### AIM OF THE TASK
Only the lines from the one containing "Invitation Boquet de" to the end of the listing below should be returned, exactly as written and without pictures.

### INFORMATION
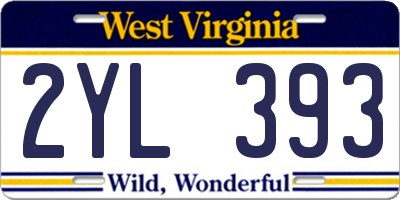 WV license plate 2YL393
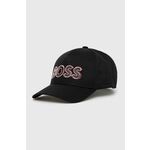 Pamučna kapa BOSS Boss Athleisure boja: crna, s tiskom - crna. Kapa sa šiltom u stilu baseball iz kolekcije BOSS. Model izrađen od tkanine s tiskom.
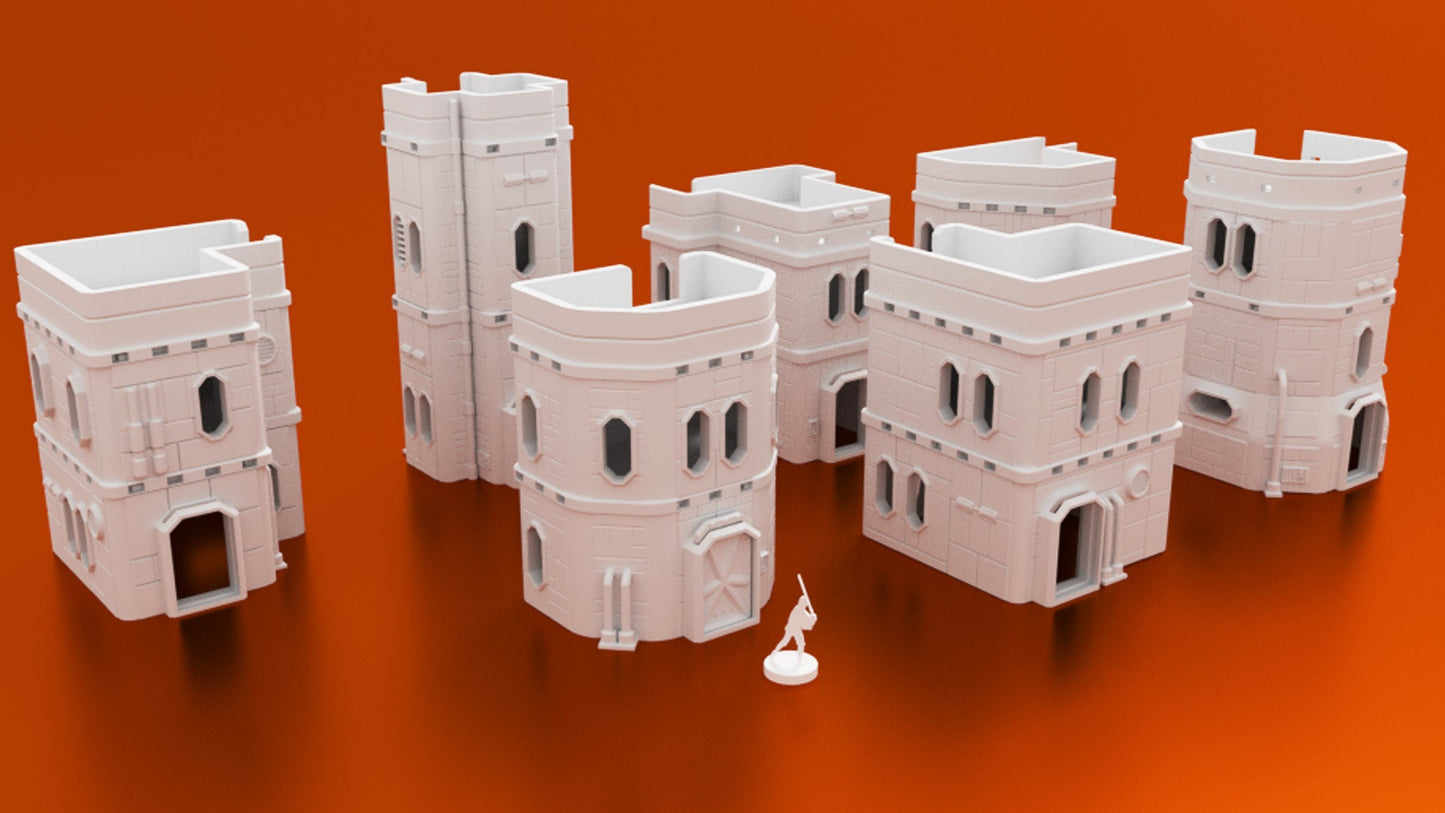 Colony Mining Town sci-fi building bundle 28mm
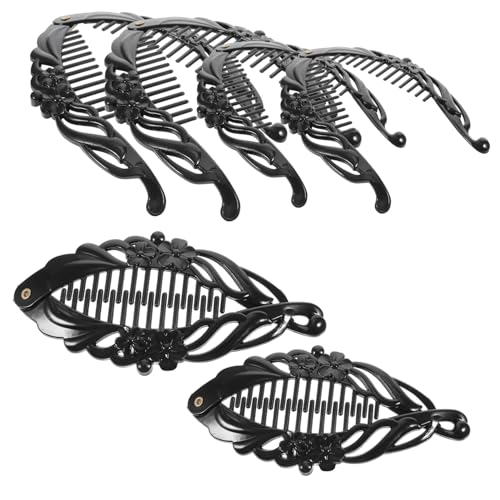 Gatuida 6 Stück Teiliges Dekorative Haarklammern in Blumen und Fischform Einfache Schwarze Haarspangen Schonend Haltend Haarschäden Vielseitig für Damen und Verschiedene Haarfarben von Gatuida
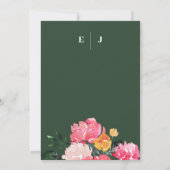 Invitation Boquet de pivoine rose sur Mariage vert (Dos)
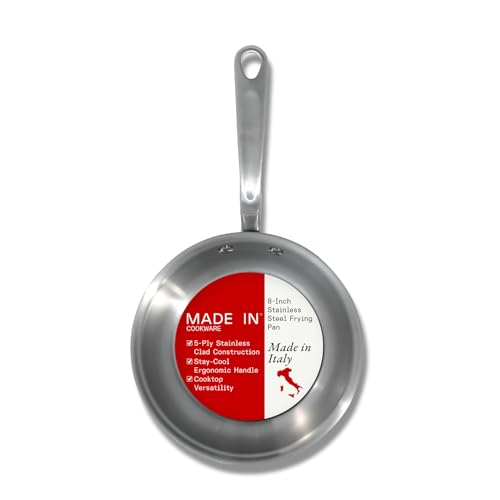Made In Cookware | 8-Inch Stainless Steel Frying Pan | 5 Ply Stainless Clad | Professional Cookware | Crafted in Italy | Induction Compatible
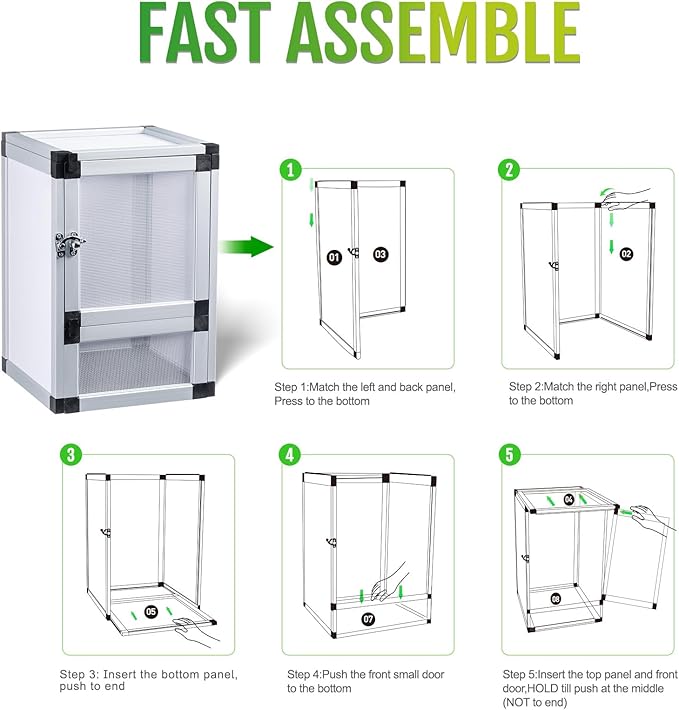 Hybrid Cage PVC Habitat Enclosure with Screen & Acrylic Doors,Toxirium 12"x12"x18" Reptile Terrarium Ventilated Tank for Gecko,Chameleon, Snake, Frog, Easy Assembly, Front Dual Access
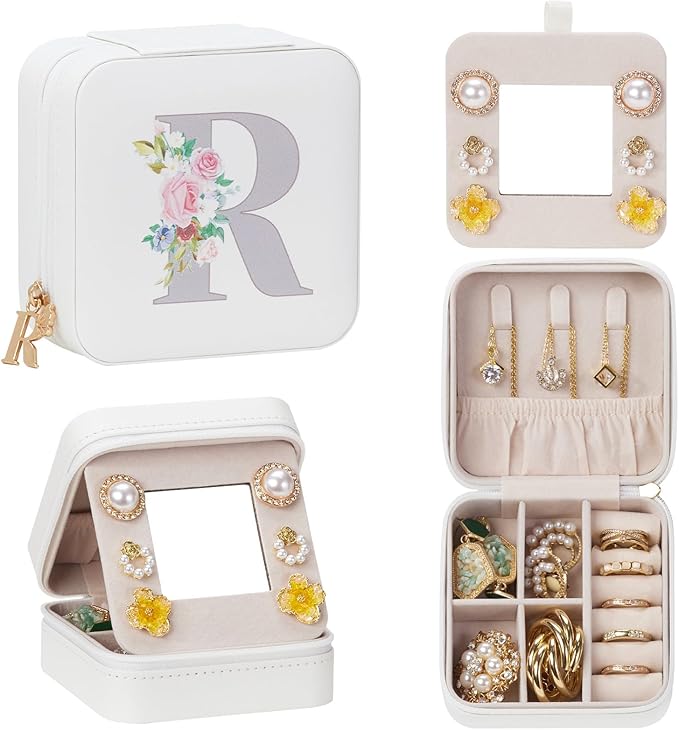 Enthralite Travel Jewelry Box for Girls: Traveling Jewelry Case Gift for Women - Mini Organizer for Necklaces Earrings White R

### REPLY TO THE EXERCISE
 Invitation Boquet de pivoine rose sur Mariage vert (Dos)
Made In Cookware | 8-Inch Stainless Steel Frying Pan | 5 Ply Stainless Clad | Professional Cookware | Crafted in Italy | Induction Compatible
 Hybrid Cage PVC Habitat Enclosure with Screen & Acrylic Doors,Toxirium 12"x12"x18" Reptile Terrarium Ventilated Tank for Gecko,Chameleon, Snake, Frog, Easy Assembly, Front Dual Access
 Enthralite Travel Jewelry Box for Girls: Traveling Jewelry Case Gift for Women - Mini Organizer for Necklaces Earrings White R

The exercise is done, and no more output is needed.